2000-2009 | Barcelona, Spain | Facility.

Barcelona Botanical Institute, CSIC

The Botanical Institute building, a center dependent on the Higher Council of Scientific Research, is located at the uppermost datumof the Barcelona Botanical Gardens on the Montjuïc mountainside, next to the Olympic Ring.

The building leans over the northwest wing of the garden, the area devoted to phyto-sections from the western Mediterranean and North Africa, with views across the city of Barcelona. It is structured as a horizontal line that crosses the sloping natural terrain like a hinge between two topographical datums. Given this, the section permits the various programs to be organized with independent entrances from the road to the rear and from the network of pathways in the garden.

The Botanical Institute is divided into three differentiated levels, each responding to their particular program:

- A lower subterranean level housed in the large concrete shell forming the foundations, which contains, along with their individual air-conditioning systems, the plants, books and main herbarium, plus the installations and small work area, each illuminated and ventilated by means of patios.

- This floor acts as a structural counterweight to the constructional device of the upper floors: a nexus of filters, walls and bridging joists in reinforced concrete that organize the program and sustain the intermediary level at garden height and those which suspend the upper floor at the datum of the entrance platform and parking lot to the rear.

- At the intermediary level, linked to the network of pathways in the Botanical Gardens, is the multifunctional hall and Salvador Museum, the exhibition area and cafe-restaurant.

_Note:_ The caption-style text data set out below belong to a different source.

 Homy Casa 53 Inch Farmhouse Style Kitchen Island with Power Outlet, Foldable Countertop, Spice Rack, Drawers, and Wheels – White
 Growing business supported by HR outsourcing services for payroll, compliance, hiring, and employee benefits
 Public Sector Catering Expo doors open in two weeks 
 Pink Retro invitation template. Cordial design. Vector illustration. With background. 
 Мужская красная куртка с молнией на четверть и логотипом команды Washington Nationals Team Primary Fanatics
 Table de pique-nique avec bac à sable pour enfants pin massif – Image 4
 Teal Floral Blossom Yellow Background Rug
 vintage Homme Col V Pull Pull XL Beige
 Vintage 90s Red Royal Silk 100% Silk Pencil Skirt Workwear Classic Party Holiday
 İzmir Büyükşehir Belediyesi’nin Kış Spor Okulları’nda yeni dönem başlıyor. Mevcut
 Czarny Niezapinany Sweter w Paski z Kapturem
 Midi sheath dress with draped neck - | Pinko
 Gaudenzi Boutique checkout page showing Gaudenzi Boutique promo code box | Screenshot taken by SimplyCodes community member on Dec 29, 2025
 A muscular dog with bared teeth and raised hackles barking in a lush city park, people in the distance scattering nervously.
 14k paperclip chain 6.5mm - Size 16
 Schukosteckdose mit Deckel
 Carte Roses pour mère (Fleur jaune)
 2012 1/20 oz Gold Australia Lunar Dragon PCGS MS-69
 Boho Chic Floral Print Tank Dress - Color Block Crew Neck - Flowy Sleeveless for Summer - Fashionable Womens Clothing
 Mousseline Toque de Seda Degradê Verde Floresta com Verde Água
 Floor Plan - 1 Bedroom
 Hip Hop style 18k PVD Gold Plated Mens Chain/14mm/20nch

The public visiting the garden have access to all of these.

- At the upper level there is the restricted area intended for the scientists: the library, research zones and laboratories, and the administration area.

The six-meter bays adapt to the differing structural and lighting requirements, forming a continuum in which the prominence of the cantilevers increases in proportion to the sharpness of the sloping terrain.

The building utilizes the same materials as are employed in the construction of the garden: bare concrete and Corten steel.